Suppose you chatted with experts who told you that the median income is a very important attribute to predict median housing prices. You may want to ensure that the test set is representative of the various categories of incomes in the whole dataset. Since the median income is a continuous numerical attribute, you first need to create an income category attribute.
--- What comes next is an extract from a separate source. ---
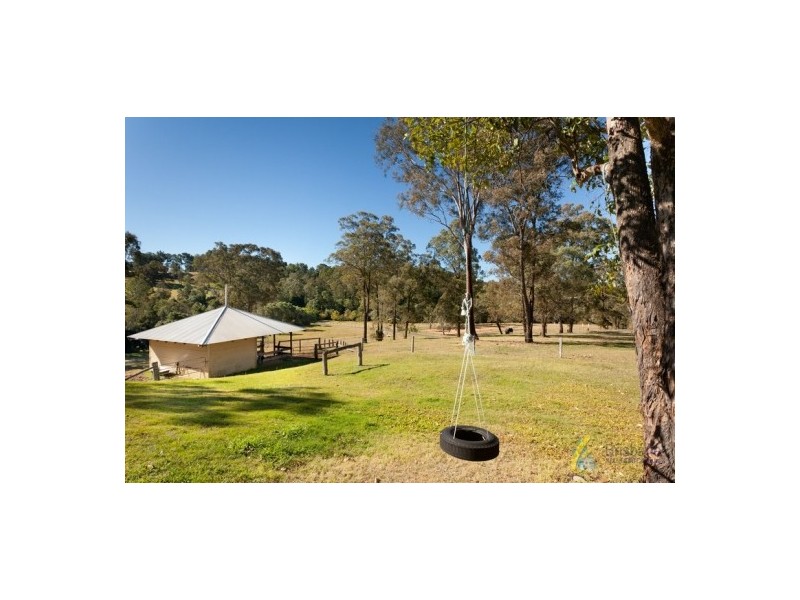 558 Grandview Rd, Pullenvale QLD 4069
Let’s look at the median income histogram more closely (back in Figure 2-8): most median income values are clustered around 1.5 to 6 (i.e., $15,000–$60,000), but some median incomes go far beyond 6. It is **important to have a sufficient number of instances in your dataset for each stratum, or else the estimate of a stratum’s importance may be biased**. This means that **you should not have too many strata**, and **each stratum should be large enough**. The following code uses the pd.cut() function to create an income category attribute with five categories (labeled from 1 to 5): category 1 ranges from 0 to 1.5 (i.e., less than $15,000), category 2 from 1.5 to 3, and so on:


In [None]:
housing["income_cat"] = pd.cut(housing["median_income"],
                               bins=[0., 1.5, 3.0, 4.5, 6., np.inf],
                               labels=[1, 2, 3, 4, 5])

In [None]:
housing["income_cat"].hist()  # Observe that we have enough samples in each stratum , so this division looks good.

In [None]:
housing["income_cat"].value_counts()/housing.size  # These are our original percentages in samples by the income category

For stratified sampling, you can use Scikit-Learn’s StratifiedShuffleSplit class:

In [None]:
from sklearn.model_selection import StratifiedShuffleSplit

split = StratifiedShuffleSplit(n_splits=1, test_size=0.2, random_state=42)
for train_index, test_index in split.split(housing, housing["income_cat"]):
    strat_train_set = housing.loc[train_index]
    strat_test_set = housing.loc[test_index]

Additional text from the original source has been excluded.